*Prompt*:
Your answer must be exactly the lines from the one containing "Sebastian online show from 04/04/26, 10:07" through the end of the material, both ends included, without pictures.

*Data extract*:
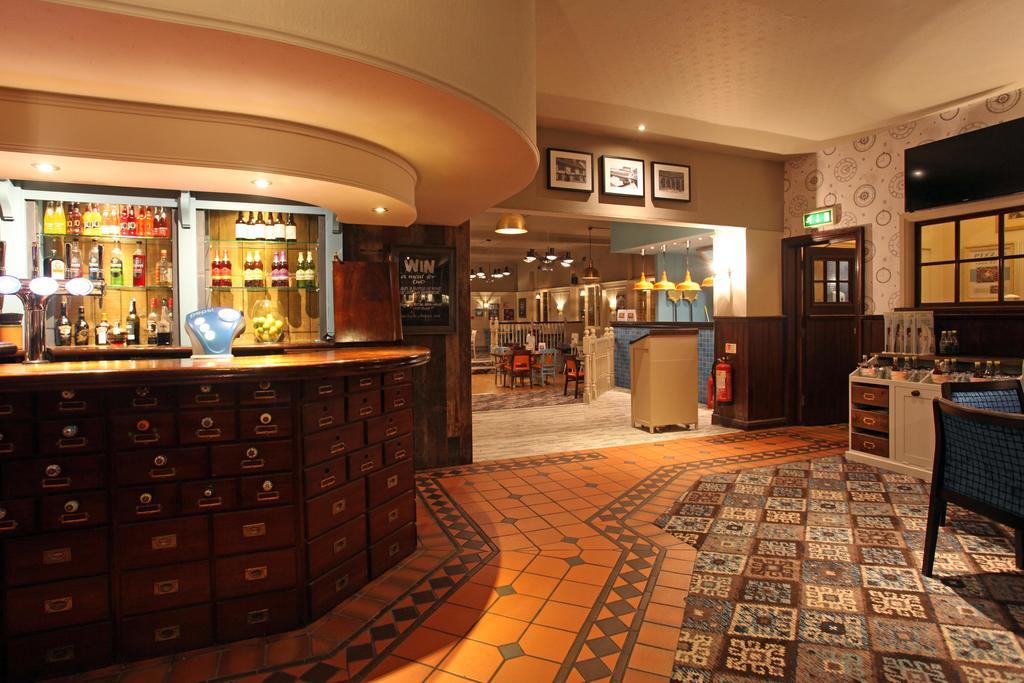 Half Moon, Sherborne By Marston'S Inns Dış mekan fotoğraf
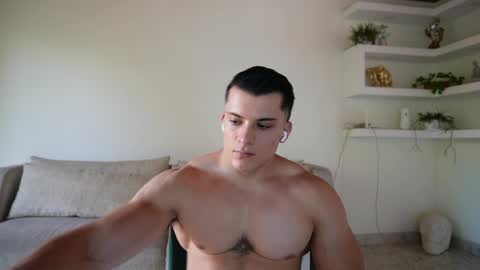 Sebastian online show from 04/04/26, 10:07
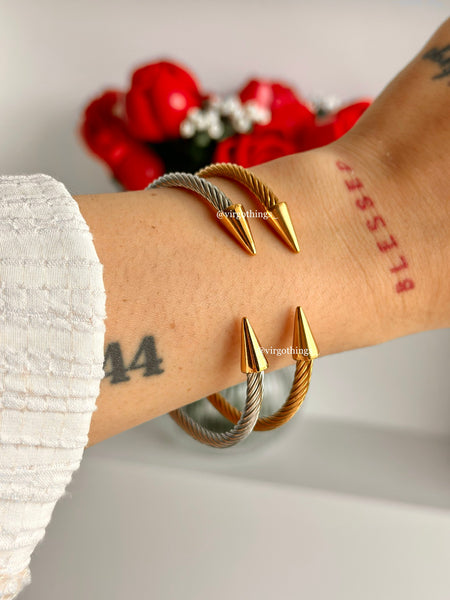 Baddie bangle’s
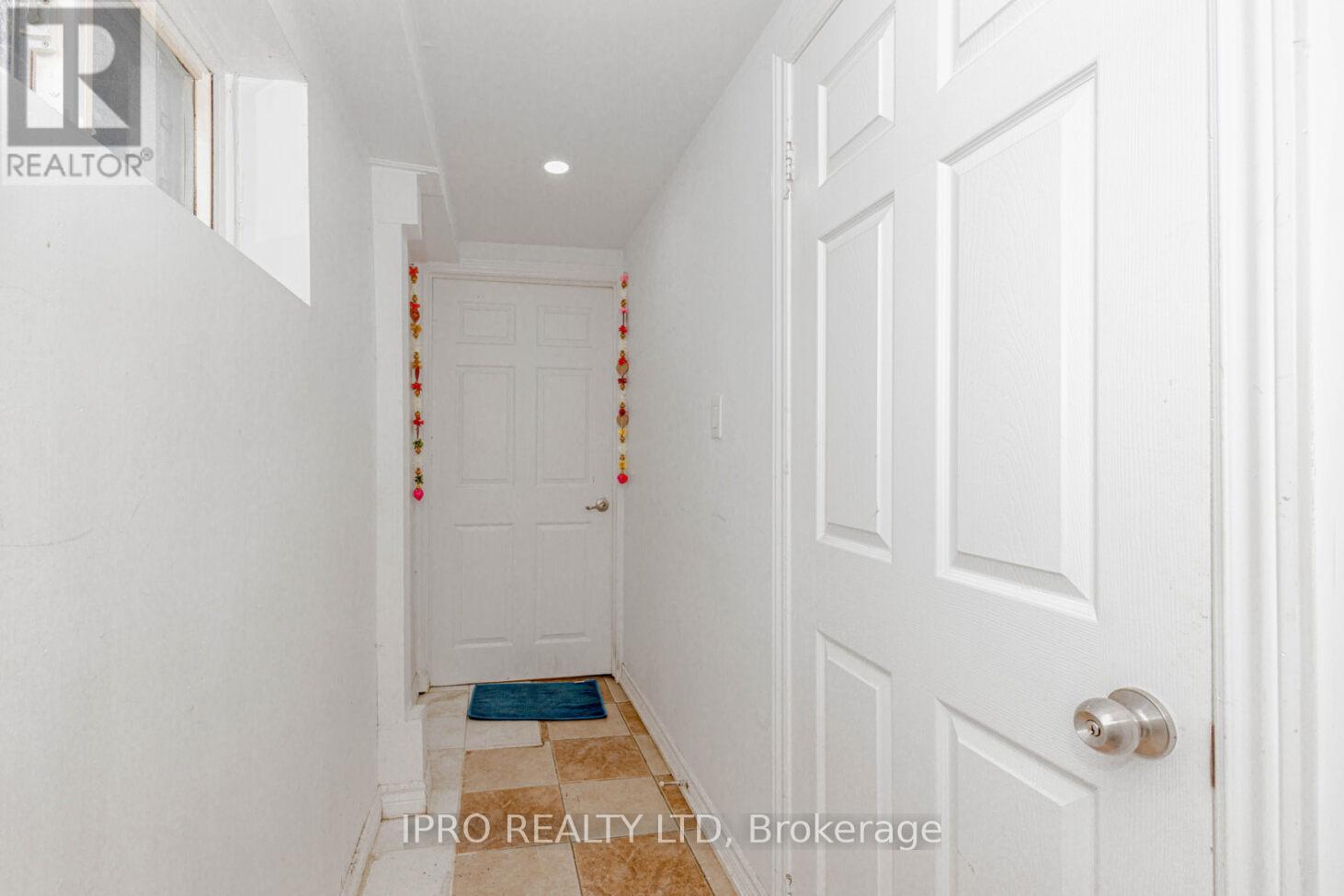 3299 Etude Drive, Mississauga, Ontario  L4T 1S9 - Photo 26 - W12161352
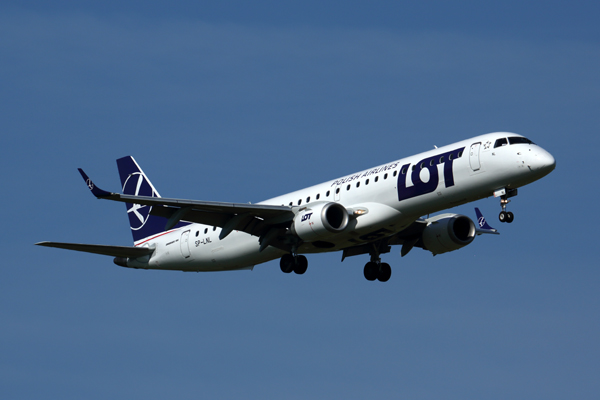 LOT_EMBRAER_195_CPH_RF_5K5A9971.jpg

*Result*:
 Sebastian online show from 04/04/26, 10:07
 Baddie bangle’s
 3299 Etude Drive, Mississauga, Ontario  L4T 1S9 - Photo 26 - W12161352
 LOT_EMBRAER_195_CPH_RF_5K5A9971.jpg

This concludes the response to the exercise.